松尾芭蕉が若かりし頃独学したとされる書物の中に「荘子」があったと言う話をどこかで聞いた。それまで私は「荘子」と言う人物はおろか言葉としてもほとんど知らなかった。荘子だけではない、孔子だって老子だってほとんど似たようなものだし、「孟母三遷」など少しは身近かな話しとして知っている孟子にしたところで、諺そのものに重点が置かれ、「そう言う思想家がかつて中国にいた」程度のお粗末な知識でしかない。

 「荘子」は知識として皆無だったこともあって、どんな思想家だったのか少し覗いてみようかとの興味を持った。手始めにネットで札幌市立図書館の蔵書検索を試してみた。さすが大思想家らしく、市内の各図書館分館などにかなりの数の関連図書が見つかった。
 ただ彼の著作の集大成となると、かなりのヴォリュームになることが分かってきた。どちらかと言えば荘子への興味は気まぐれの部類に入る私である。「荘子徹底研究」だとか「荘子完全読破」などの大げさな意気込みは最初から欠如している。

 だからと言って百科事典の人名解説程度でお茶を濁すのも少し物足りないものがある。そこで「一冊で簡単に荘子が分かる本」みたいな物臭さへの道を選ぶことにした。それが「老子・荘子」(森三樹三郎、講談社学術文庫、1994年、以下「前掲書」と略記する)であった。文庫本ながら小さな文字でけっこうな厚さもあるので、じっくりと読み通すことにあんまり自信はないが、気の向くままにページをすっ飛ばしたり斜交いに文字を追うのも一つの読書の方法である。したがって「荘子を理解した」などとは決して言わないつもりでとりあえずこの本に挑戦することにした。

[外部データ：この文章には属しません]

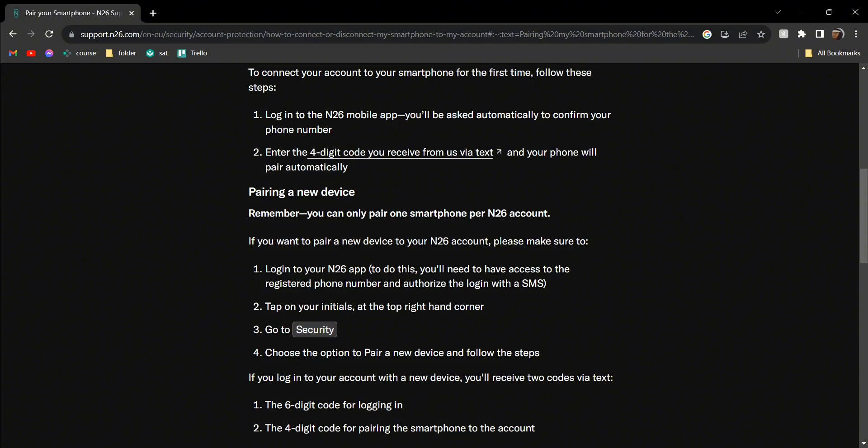a new device, then what you need to do is log into your app. After that, on the top right side, you'll see your initials - click on that one. After that, go to Security and then choose the option to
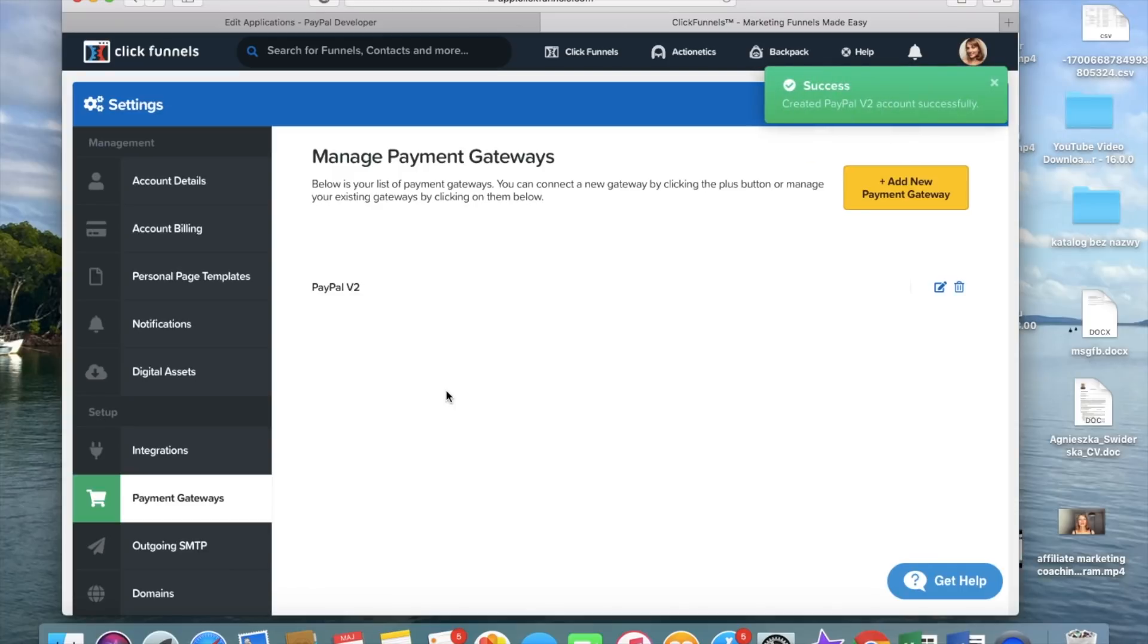So as you can see, it is really easy and quick. And now we have our PayPal integrated with ClickFunnels and we can start collecting payments.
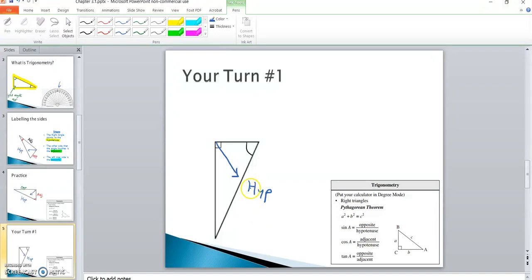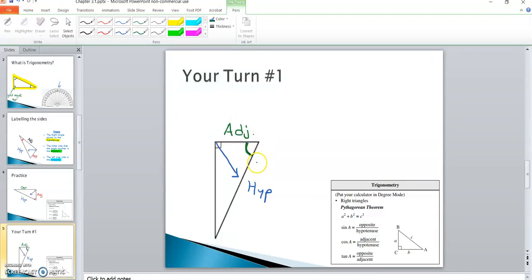This is the side of the triangle you should be labeling as the hypotenuse. Next, take a look at the given angle — the side that the angle is touching is the adjacent. Pause the video and label the adjacent side. That is the adjacent, and the last remaining side is the opposite.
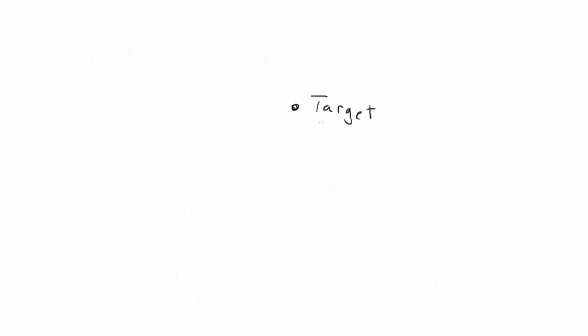In inverse kinematics, we start at the opposite end. Here we're grabbing the end of the last arm, and moving it into position, and the rest of the segments will need to adjust themselves accordingly.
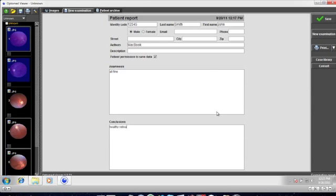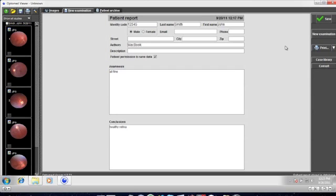Then click on the save button on the right hand side. Below the save button, there is also the option to print out the images and the report.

 とは言っても著者がまえがきに「この政治に背を向けた老荘思想が、官界に入れられなかった不適の知識人、いわゆる隠子(いんし)によって歓迎されたことは、もちろんのことであろう」(前掲書P5)と書いていたことで、私にも内在しているへそ曲がりの気配が老子・荘子の思想の中にもありそうだと分かり、少し興味が湧いてきた。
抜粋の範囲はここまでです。